Find out how the company’s values and the individual employee’s values link to sustainability. For example, does the company have a “social responsibility” statement? ), what does the company fund through philanthropy? What do the people who work there care about? For example, have they personally experienced cancer (possible link to toxins in the environment) outdoor sports (links to the natural environment) overseas unrest (links to fair trade or economic justice)? Are any activist groups trying to get your industry to change and would they help you be proactive, rather than attacking your company’s poor performance? Look at this same range of issues for your clients and see if you can find the specific links back to sustainability–signs that your client is interested in sustainability and thus might be open to sustainable design.
Once you find the possible “ways in” to sustainable design keep in mind that you can apply them to specific projects as well as to an overall approach to practice. Bu you have to be ready to introduce the “ways in” them when opportunities arise. Consider where these opportunities might arise given the routines of your workplace. Would it be better to plant the idea casually first, then force the issue when a client opportunity arises? Or would it make sense to bring it up only if an application is to hand? You have to gage your approach to your own workplace.

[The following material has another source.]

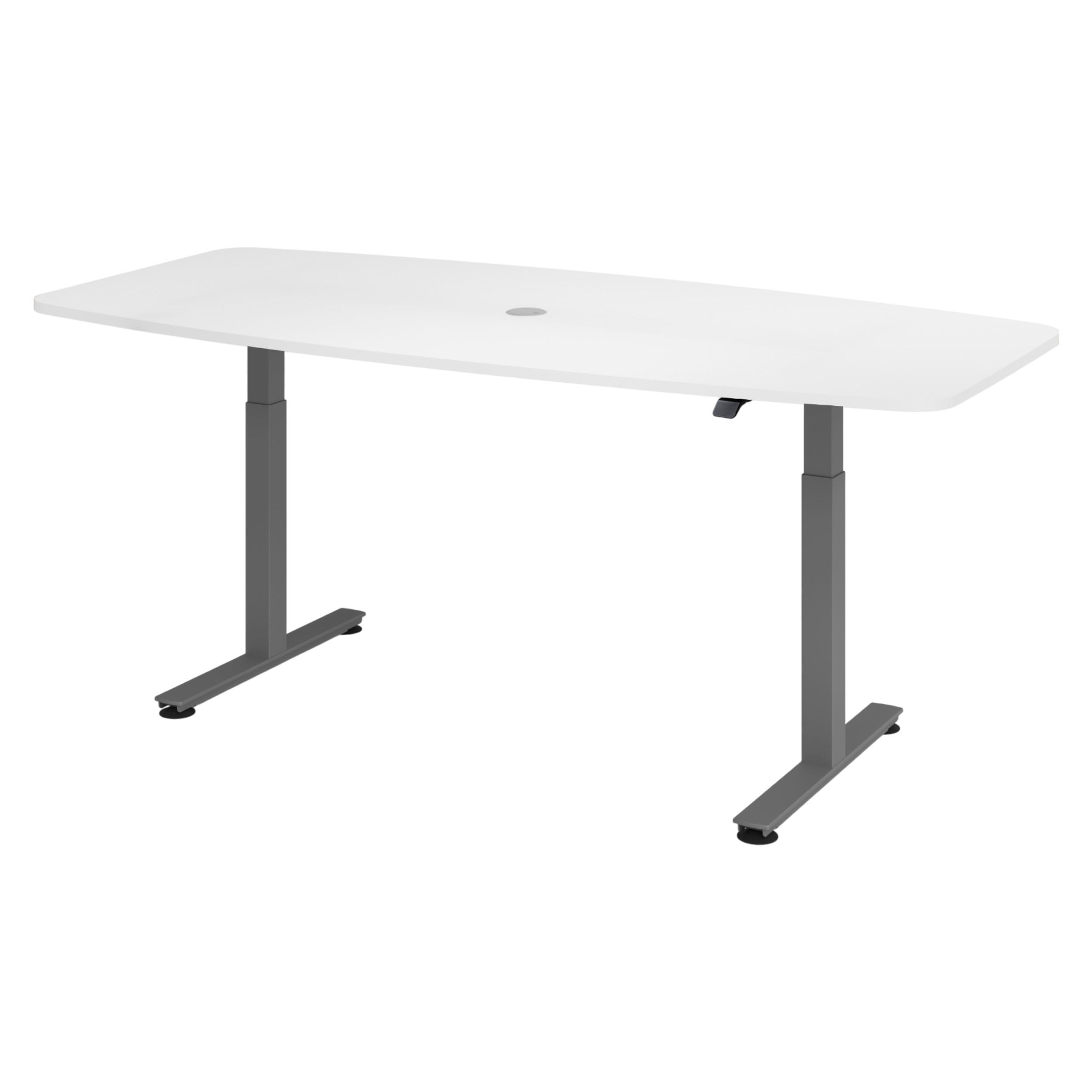 KONFERENZTISCH elektrisch XMST22 103/220/74 cm in Weiß/Graphitfarben - Graphitfarben/Weiß, Holzwerkstoff (103/220/74cm) - bümö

If you think a client might be sympathetic to sustainable design – find an opportunity to make the case to your colleagues so you can pitch to the client. If you find some sustainable design examples that you think will appeal to your boss’ sensibility, introduce them during an office lull or leave photocopies with a short note. Practice with a friend or sympathetic colleague some phrases you could use to introduce one of your “ways in.” Then begin introducing them. If one doesn’t work, move on knowing that at least you have put down one paving stone while also demonstrating your willingness to exceed your job description in looking for benefits for your company/boss.
As more paving stones are put down, eventually a “way in” will emerge, or the expertise you have developed in the process will earn you a different job. After all, the process I’ve described helps you build a network, and it is through networks that most jobs are found.
Pursuing this kind of smart strategy makes you more than just an entry level designer – it makes you an agent of change. Have you tried these or other approaches? How did it work for you?